The Faculty is also honouring Cardinal through a bursary in his name. Established with an initial gift from Law’95 alumnus David Sharpe, the Douglas Cardinal Bursary will provide financial support to Indigenous students in any year of the JD program.
Calgary born, Cardinal attended the University of British Columbia in his youth prior to graduating from the University of Texas School of Architecture in 1963. He began winning critical acclaim and awards for his designs not long after launching his career. That success has continued ever since, for Cardinal’s approach to architecture is both innovative and unique. As he explains, “Without any preconceptions, I evolve a design from the inside out, open to all possibilities.”
Cardinal is renowned for creating the smooth, curvilinear architectural designs that have come to embody an Indigenous style of Canadian architecture. Throughout the 1990s, he led the way in providing architectural definition to the aims and aspirations of Indigenous communities across North America.
Among the many well-known, critically lauded buildings he has designed are the Canadian Museum of Civilization (now called the Canadian Museum of History) in Gatineau, Quebec; the Meno Ya Win Health Centre in Sioux Lookout, Ontario; and the Aanischaaukamikw Cree Cultural Institute in Oujé-Bougoumou, Quebec, which earned a United Nations Award of Excellence for sustainable designs and was celebrated at Expo 2000 in Hanover, Germany.
Cardinal has received numerous national and international awards, including 20 honorary doctorates, Gold Medals of Architecture in Canada and Russia, and an award from the United Nations Educational Scientific and Cultural organization for his design of the Best Sustainable Village.
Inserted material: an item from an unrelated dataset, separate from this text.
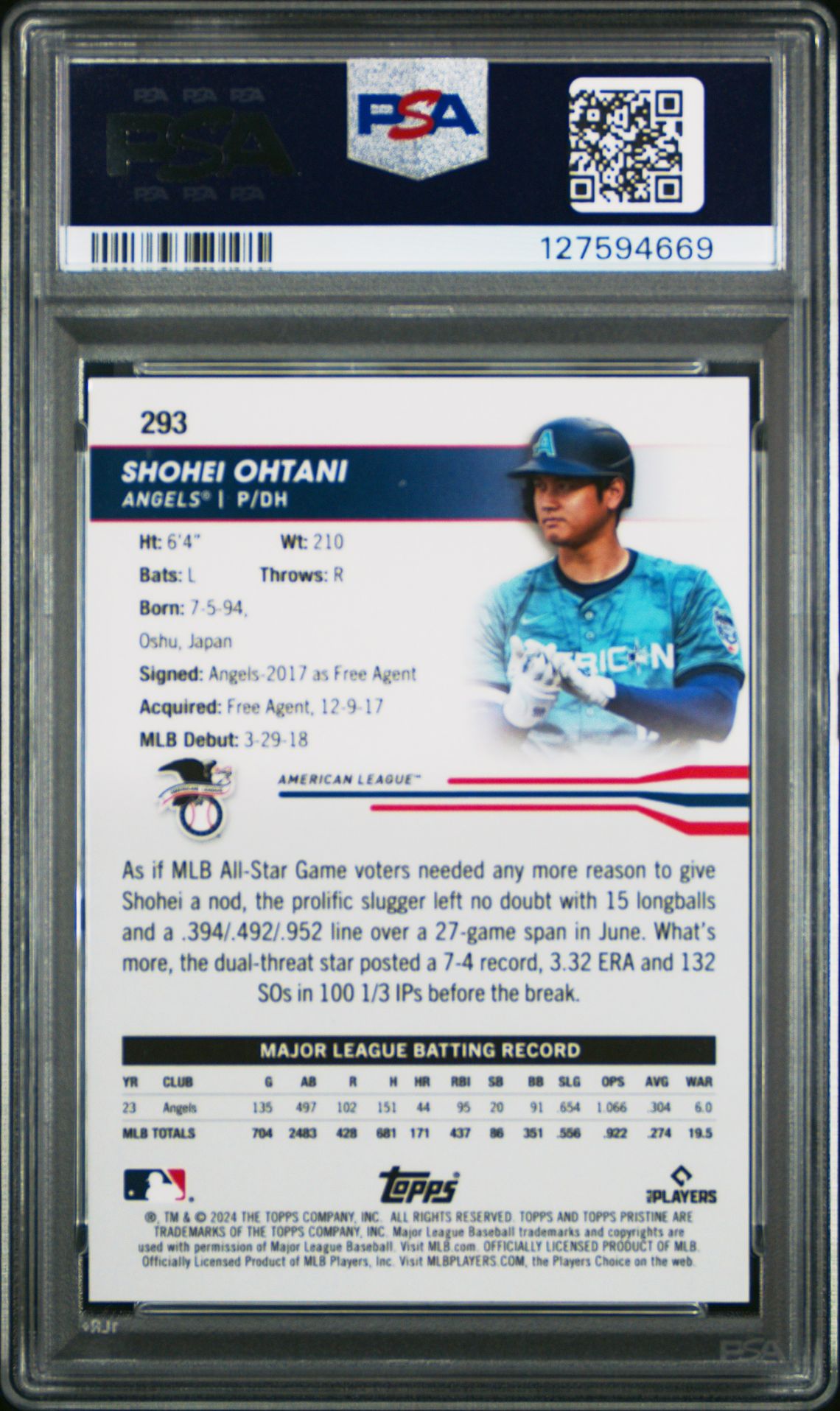 2024 Topps Pristine Shohei Ohtani #293 (Green Refractor) Mint 9 back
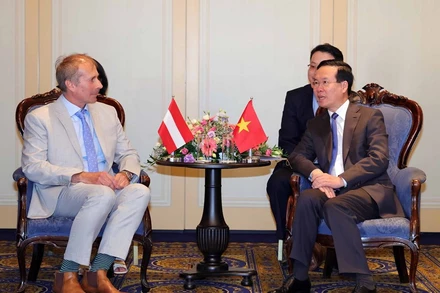 Chủ tịch nước Võ Văn Thưởng tiếp Chủ tịch Hội Hữu nghị Áo-Việt Nam Alfred Gerstl. (Ảnh: TTXVN)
He was also appointed an Officer of the Order of Canada in 1989, and in 2006 declared “World Master of Contemporary Architecture” by the International Association of Architects.
He has given generously of his time to Queen’s Law, including special speaking visits to the Faculty, and serving on a selection committee for the large-scale Indigenous art installation now in the law school’s atrium, “words that are lasting” by Hannah Claus.